The government’s response to the Windrush scandal has already seen thousands of people given fast-track immigration paperwork. All were entitled to live in the UK but were previously unable to prove it, meaning that they lost jobs, denied access to the NHS, put in immigration detention or removed from the UK. The Home Office has been investigating how many people are in these last two categories.
Sajid Javid told another parliamentary committee in August that officials had reviewed 11,800 cases where people from the Caribbean had been removed from the UK or held in detention centres over the years. Of those, 164 seemed to have been in the UK before 1 January 1973, meaning that they would have been here legally and should not have been targeted.
But the 11,800 “did not include cases defined in our systems as being a ‘criminal case type'”, Javid said at the time, “because as I have consistently expressed, I make a purposeful distinction between criminal and other cases. Work is ongoing to check that this is not too broad a category…”
Javid has now written to the Joint Committee on Human Rights conceding that it was too broad a category. Some people with a criminal marker on their file had not committed a crime at all:
Following work to review the population of previously excluded cases, we have identified that some individuals with a criminal case type marker may have committed only a minor offence/s or have been acquitted or not prosecuted.
The letter in full is below:
The committee’s chair, Harriet Harman, said that:
The Committee’s probing of this issue has revealed that Windrush people who’d been acquitted of criminal charges, or charged but never prosecuted, were nonetheless excluded from the Home Office review because they were subject to “criminal case markers”.

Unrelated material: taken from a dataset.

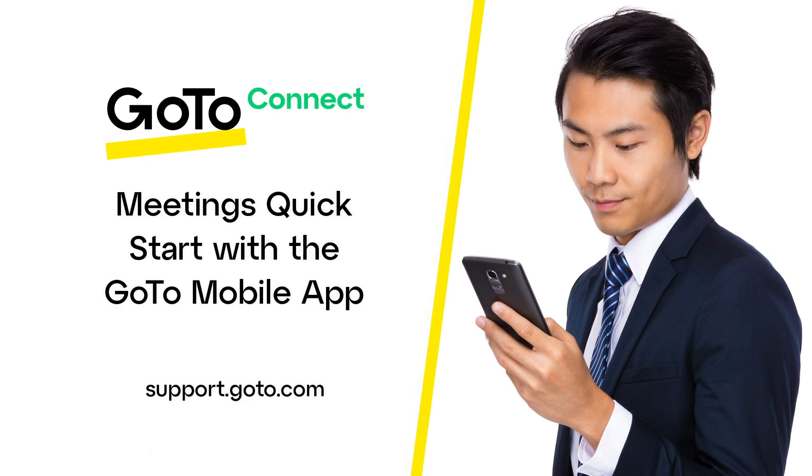Jed here to provide a quick overview of how to use and participate in meetings with the GoTo mobile app. Using the app allows you to be involved with meetings anywhere using your smartphone.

This is Home Office blundering in their attempt to sort out a Home Office blunder. The Home Office appear to be struggling to grasp even the fundamentals of tackling such a serious injustice.
It is unclear how many people have not been counted because officials incorrectly thought they were criminals, or how many of those will turn out to have been in the UK legally. Javid writes that “we will continue to exclude individuals who have been deported following a criminal conviction” and officials are now trying to work out how many more records need to be checked.